I am also not going to say that product A is better than product B, yet again you can make up your own mind.

*The method:*

Mrs P's Cooper was looking minging, 2 weeks since the last wash and all sorts of weather conditions so an ideal candidate for this test:thumb:



*Equipment used:*

Karcher K4 
Snow Foam Lance ( forgot the make)
2x Bottles used to avoid cross contamination
Hose Pipe 
Mrs P's make up pads x6

*Conditions:*
7 deg, over cast with sunny spells

1) Damp make up applicator pad was gently pushed onto the panels to test how dirty the car was, the areas chosen were the drivers side door toward the front on the car, the same area on the passenger side door and the boot panel.



Top Left is the drivers side door, top right is the passenger side door and the bottom image is the boot lid.
As you can see they are pretty similar in dirtiness.

2) 2 bottles were prepared with 50ml of prewash product in one and 50ml of snow foam product in the other, these bottles were then topped off with 500ml of water making a dilution ratio of 10-1 approx.



The prewash was then applied to the drivers side of the car and the snow foam was applied to the passengers side of the car leaving the boot untouched (It was at this point i realised i should have masked up the boot lid because there was some spots of both products on the panel).

3) Both products were then left to dwell for 10 mins



4) Each panel was then pressure washed off to reveal the surface with out dirt, at this point i noticed that all 3 of the panels looked pretty clean in my opinion.



5) I then proceeded to take a sample from each panel using a clean make up pad each time in roughly the same area the initial sample was taken.



Top left image is the prewash product, top right is the snow foam product and the bottom image is the untreated panel.

I think the evidence here is pretty telling 

6) The car was then given a 2 bucket wash, dried and treated to a QD wipeover.



*Conclusion:*

I went into this test seriously doubting my methods for cleaning and weather a prewash/snow foam was effective and i think i have answered my own question.

Both the treated areas came up pretty clean and the untreated panel didn't.

In summary i think we can plainly see the efficacy of using a prewash in our wash routine using either snow foam or prewash products

*Thanks for reading *


----------



## Ads_ClioV6 (Apr 27, 2014)

Good job Simon ,the odk qd is a hidden gem makes paint so rich looking.


----------



## cossiecol (Jun 29, 2014)

Nice write up mate :thumb:


----------



## Pittsy (Jun 14, 2014)

cossiecol said:


> Nice write up mate :thumb:


Cheers Col, its something i have been meaning to do for a while...

Can't remember the thread but i wanted to put it to bed once and for all :thumb:


----------



## Kimo (Jun 7, 2013)

Just the job

What I do to all my pre wash/snow foam experiments


----------



## J306TD (May 19, 2008)

Wow just goes to prove how worth while this simple method is.
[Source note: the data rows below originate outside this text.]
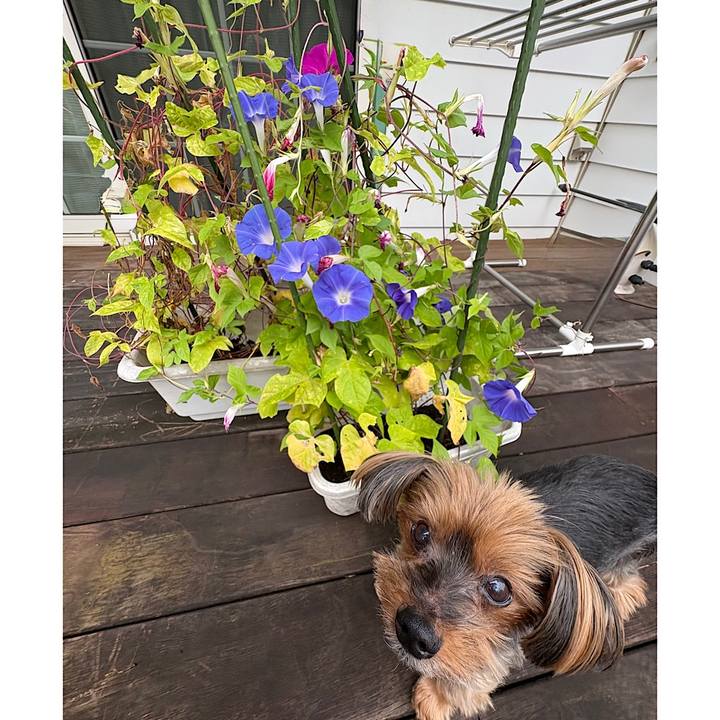 Bfc372e1 3959 4770 898a feb34dd18a5c 1758319398699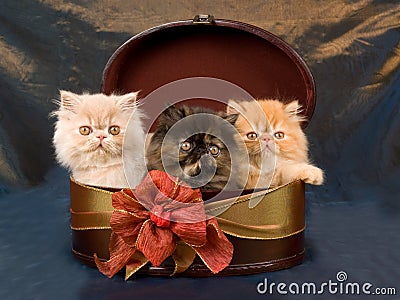 Pretty cute Persian kittens in gift box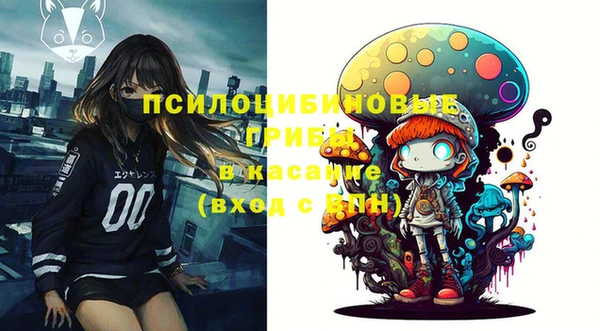 спиды Пересвет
Thanks for another great write up


----------



## tightlines (Jul 16, 2011)

Good test review, I've not cleaned my car for months due to work and looking at houses to buy (finally there now that n both counts) might do a similar test, can't even remember what protection is on the car, so hopefully next weekend when I'm finally in the new house and weather permitting I will be back on track, 

Once again nice test


----------



## Pittsy (Jun 14, 2014)

J306TD said:


> Wow just goes to prove how worth while this simple method is. Thanks for another great write up


I wasn't sure how it would turn out and was going to publish the results anyway.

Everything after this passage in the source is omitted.